When I was five I attended art classes, an effort my mother made in order to prevent me from drawing on walls. I also was enrolled in swim class, music class, and a dance class. I quit piano in first grade but picked up violin from fourth to tenth grade. I sang in the chorus in middle school. Between six and eight grade I used to read on average five books every two weeks.
Sometime in my high school years, I stopped it all. I quit orchestra because it conflicted my morning practice schedule. I stopped reading for fun because I didn’t have time due to schoolwork. I stopped making art due to my reallocation of free time to spending it with friends and there wasn’t art class to force me to make things.
Last summer my aunt, an artist, asked me if she could present one of my work when I made when I was younger as part of a National Taiwan Family exhibit. I agreed. I attended the exhibit and felt really out of place among professors and experts of art. However, my duck that I painted when I was four was placed proudly in the second floor corner, far away from the main highlighted pieces. Yet in the end of the summer, I had a call that I had a buyer. My dad didn’t want to sell it so our family still owned it.
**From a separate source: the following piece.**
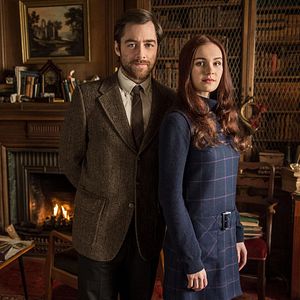 Fotoğraf Sophie Skelton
What is interesting is that I have been away from creating anything of artistic nature for at least five years. Last weekend was the first time that I drew a drawing, and not just simple doodles that I made on top of my class notes. I was surprised at what I drew. I created an image about a person who was daydreaming. About a world in which every person’s identity and perspective is built upon their perspectives and experiences on life. About a city that was built upon the lives and blood of those who came before them. My art has became surprisingly…dark.
This experience has taught me that art and the courage to give yourself one hour to break free of the rules of the world can reflect how your personality has developed over time, how you have come to realize the world. In its own way, it is a method of self discovery, your consciousness portrayed externally in a way that you may not always be able to express in words, transcript reports, or athletic medals.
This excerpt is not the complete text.